→ EXCERPTED RECORDS:
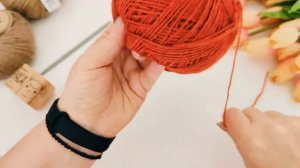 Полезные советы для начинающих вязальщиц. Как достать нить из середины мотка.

* * *

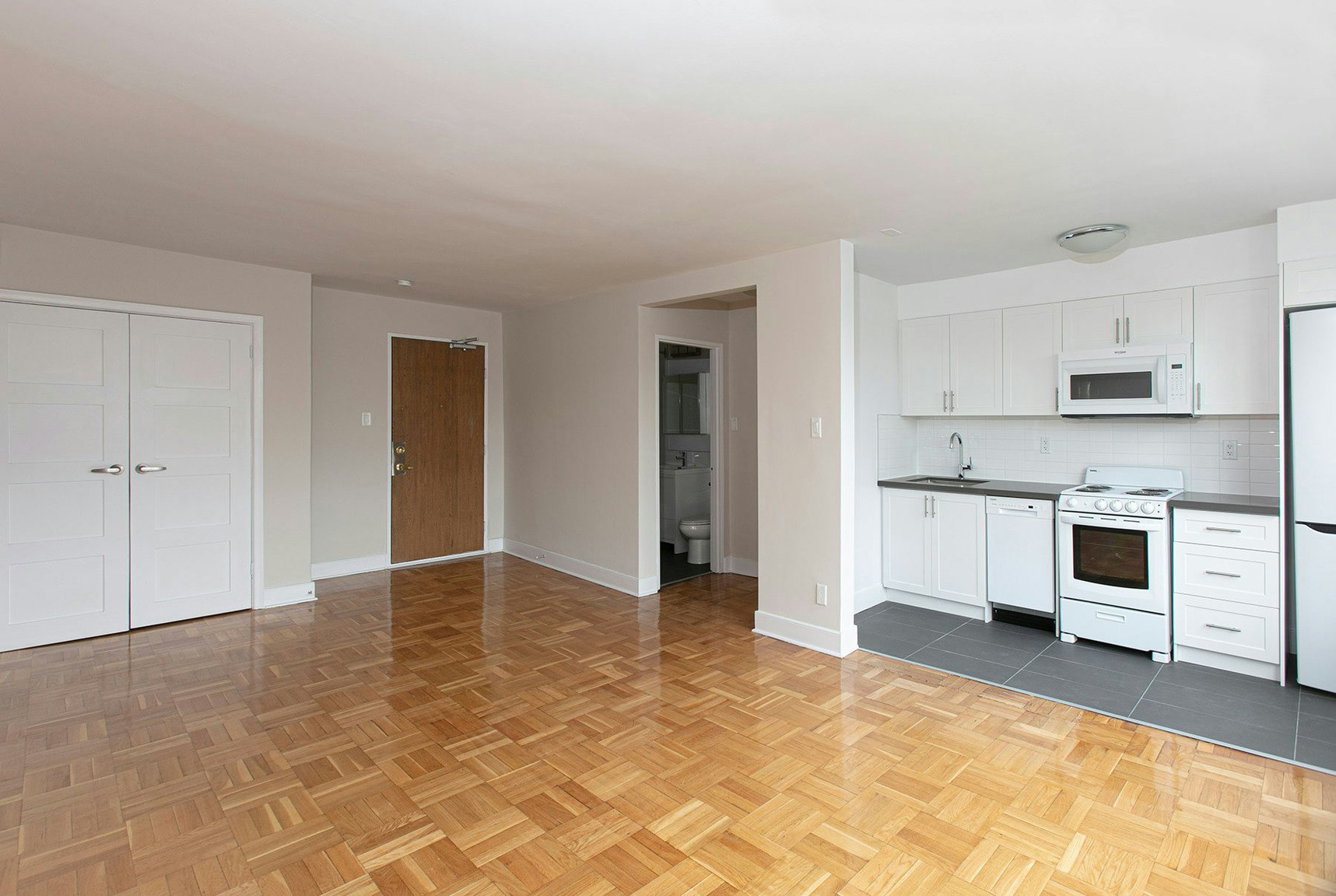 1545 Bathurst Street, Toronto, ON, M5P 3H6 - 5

==

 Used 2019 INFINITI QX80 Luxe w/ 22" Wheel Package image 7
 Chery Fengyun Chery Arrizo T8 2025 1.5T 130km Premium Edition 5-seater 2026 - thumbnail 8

→ TASK PROMPT:
Since only part of the listing is wanted, copy exactly the lines from the one holding "Used 2019 INFINITI" to the one holding "Chery Fengyun Chery", both included.

→ YOUR SOLUTION:
 Used 2019 INFINITI QX80 Luxe w/ 22" Wheel Package image 7
 Chery Fengyun Chery Arrizo T8 2025 1.5T 130km Premium Edition 5-seater 2026 - thumbnail 8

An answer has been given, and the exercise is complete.